Reviewed by Henk W. de Regt, Vrije Universiteit Amsterdam

2018.04.13


This new book by Catherine Elgin demonstrates her versatility as a philosopher and reflects the broad spectrum of her philosophical interests and expertise. First and foremost, it presents an original, fruitful blend of epistemology and philosophy of science. But it also contains excursions into aesthetics, ethics and the philosophy of history. Elgin weaves these strands together in a way that both impresses and enlightens the reader. One of the book's central topics is the nature of understanding, and here Elgin has played a major role in bridging the divide between epistemology and philosophy of science. Her 1996 book Considered Judgment already demonstrated that she likes to cross boundaries between philosophical disciplines, developing ideas that transcend specialist discourse. In her new book she continues this approach, and presents analyses that should appeal to philosophers with a wide variety of backgrounds.

The running thread is the idea that truth isn't the hallmark or the ultimate aim of science, nor of most other epistemic enterprises.

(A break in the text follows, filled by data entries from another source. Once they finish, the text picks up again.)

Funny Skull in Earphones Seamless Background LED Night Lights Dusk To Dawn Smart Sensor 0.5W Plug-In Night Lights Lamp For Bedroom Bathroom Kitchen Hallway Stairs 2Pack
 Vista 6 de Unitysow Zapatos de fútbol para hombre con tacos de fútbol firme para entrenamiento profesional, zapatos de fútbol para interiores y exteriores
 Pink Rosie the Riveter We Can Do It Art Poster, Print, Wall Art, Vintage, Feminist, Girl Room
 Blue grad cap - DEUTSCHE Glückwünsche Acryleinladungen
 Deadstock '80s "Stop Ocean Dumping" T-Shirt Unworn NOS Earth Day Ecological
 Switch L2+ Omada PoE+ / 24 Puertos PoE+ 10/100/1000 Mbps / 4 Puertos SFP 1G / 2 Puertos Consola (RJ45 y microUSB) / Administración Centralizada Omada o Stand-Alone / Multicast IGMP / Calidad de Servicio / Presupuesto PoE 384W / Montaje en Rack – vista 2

What we strive for in our epistemic practices isn't truth per se but rather understanding -- and absolute truth is not a prerequisite for understanding. But, Elgin adds, this doesn't imply that truth is irrelevant: as the book's title indicates, the contentions we accept have to be 'true enough'. While the focus is on science (and scientific understanding), Elgin applies her analysis to various other disciplinary practices, including history, art and literature, aesthetics and ethics. Thus, she advances the thought-provoking thesis that artworks and literary fiction -- which obviously do not aspire to be true -- can provide us with understanding (and thereby have an epistemic dimension). Elgin develops her view on truth in opposition to 'veritism', the thesis that truth is necessary for epistemic acceptability. By contrast, she submits that "belief, assertion, and knowledge should be sidelined in favor of acceptance, profession, and understanding" (9). More precisely, "epistemic acceptability [of a belief or proposition] turns not on whether it is true, but on whether it is true enough -- that is, on whether it is close enough to the truth." (16)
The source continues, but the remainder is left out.